Élisabeth Chabuel, Veilleur

Exten­sion du domaine de la lutte

« Le on ne se sou­vient pas » mais le « je ima­gine » : à par­tir de cette sen­tence d’Elisabeth Cha­buel, tout est pos­sible. C’est pour­quoi l’auteure se refuse à la fameuse affir­ma­tion « on est un con ». C’est même l’inverse. Elle ramène ici à une dou­leur d’enfance émise par pro­cu­ra­tion. Le (beau) texte trouve sa source dans le récit de la mère de la poé­tesse. Celle-là, enfant, vécut les évé­ne­ments du Ver­cors de 1944. Pour échap­per à l’arrivée des sol­dats alle­mands, les habi­tants se cachaient dans les forêts, se retrou­vaient, se dis­per­saient en fonc­tion de la traque des occu­pants. Le Veilleur était l’un des natifs du pla­teau. Sur­pris par un piège des sol­dats, trop vieux pour cou­rir, il décida de ne pas bou­ger pour ne pas retar­der ceux qu’ils pou­vaient mettre en dan­ger. Il fut tué. Le calme reve­nant, les sur­vi­vants décident de sou­le­ver sa dépouille. Elle laisse une empreinte par­ti­cu­lière et au prin­temps sui­vant sa sil­houette appa­raît dans l’herbe.
Le livre, en hom­mage « à cet homme dont j’ignore le nom qui a sauvé ma famille en juillet 1944 », est construit en trois textes de formes dif­fé­rentes : « je », « il » et « visions ». Le pre­mier texte devient l’articulation entre le je du pré­sent et le « on » de la trans­mis­sion qui trans­forme le réel en un quasi mythe. Le second est la nar­ra­tion de la mort du Veilleur. Il est anté­rieur au pre­mier et fut pour l’auteure la pre­mière plon­gée dans cette his­toire fami­liale et col­lec­tive. A l’ombre des sou­ve­nirs d’enfance, elle fut dépla­cée et recon­tex­tua­li­sée dans la vio­lence du Kosovo, miroir de celle du Ver­cors au moment où la poé­tesse écrit son texte.
Le der­nier moment du livre devient une réflexion sur le cycle de la vie et la mort et sur le concept de renais­sance mais aussi de répé­ti­tion de la catas­trophe. Preuve que « le futur sera notre pré­sent au passé » dans la répé­ti­tion des exils, des exodes. Chaque époque connaît ses réfu­giés, ses dépla­cés. D’où l’actualité du livre.

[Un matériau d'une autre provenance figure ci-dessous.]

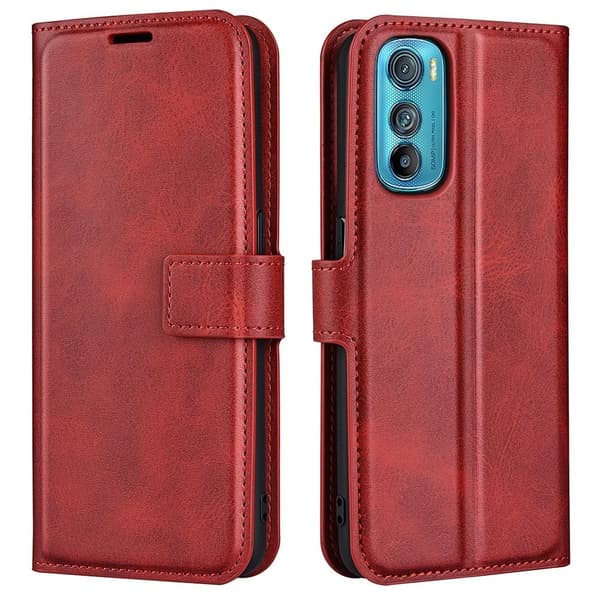 Motorola Edge 30 nahkainen lompakokkotelo - Punainen Red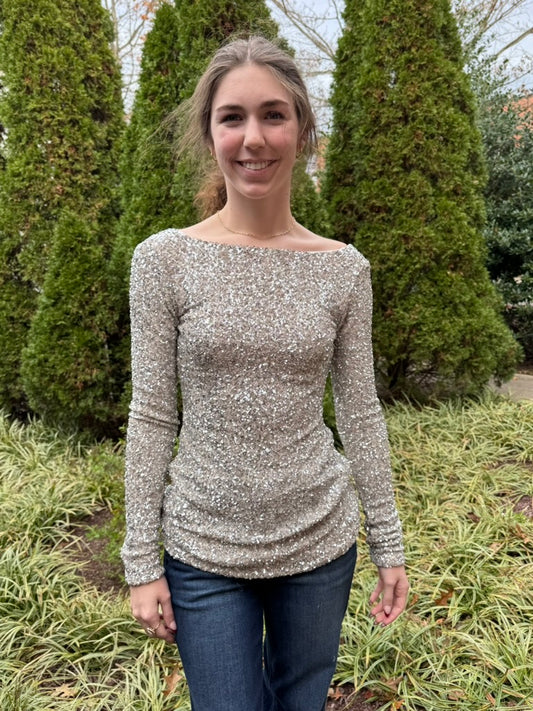 Shimmy Sequin Backless Dress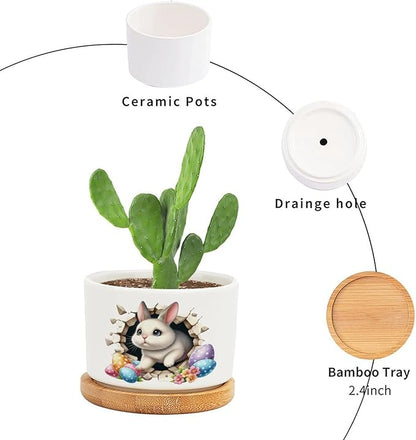 Cute Easter Bunny Break Through Eggs Ceramic Pots for Plants with Drainage Holes Round Flower Pot Bamboo Tray Orchid Pot Succulents Pots for Outdoor Indoor Plants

Il remet en situa­tion le sens même du “je” qui s’insère dans l’altérité gom­mée sous le pré­nom imper­son­nel “on”. Manière, pour beau­coup, d’en faire abs­trac­tion, mais pas pour la poé­tesse de géné­ra­li­ser une pro­blé­ma­tique humaine : ” On existe / Car en un autre temps / Un autre a existé / Et puis un autre Et un autre Et un autre”. Et l’auteure d’ajouter, pour cas­ser les clashs géné­ra­tion­nels : « Il existe On / Pour qu’existe / Je ». Ce der­nier se doit de prendre en charge l’Histoire. Sans laquelle il n’est rien et sans quoi il n’est pas.
D’où la cita­tion en exergue de l’artiste ita­lien Clau­dio Par­mig­giani : « Passé pré­sent et futur / vivent dans une seule dimen­sion / où le temps n’existe pas ». La han­tise du lieu (Le Ver­cors) ins­truit donc  - et pour reprendre le titre d’une pro­blé­ma­tique essen­tielle de l’Italien — la « Délo­ca­li­sa­tion » du lieu pour lui don­ner une visée uni­ver­selle. La soli­tude y règne mais la soli­da­rité demeure essen­tielle. L’auteur, pour le signa­ler, laisse visibles les ratures opé­rées (du type : « on se regarde / on se voit ») manière de gar­der la trace qui res­semble à celle du Veilleur.

jean-paul gavard-perret

Éli­sa­beth Cha­buel, Veilleur, Edi­tions Impré­vues, Die, 2016.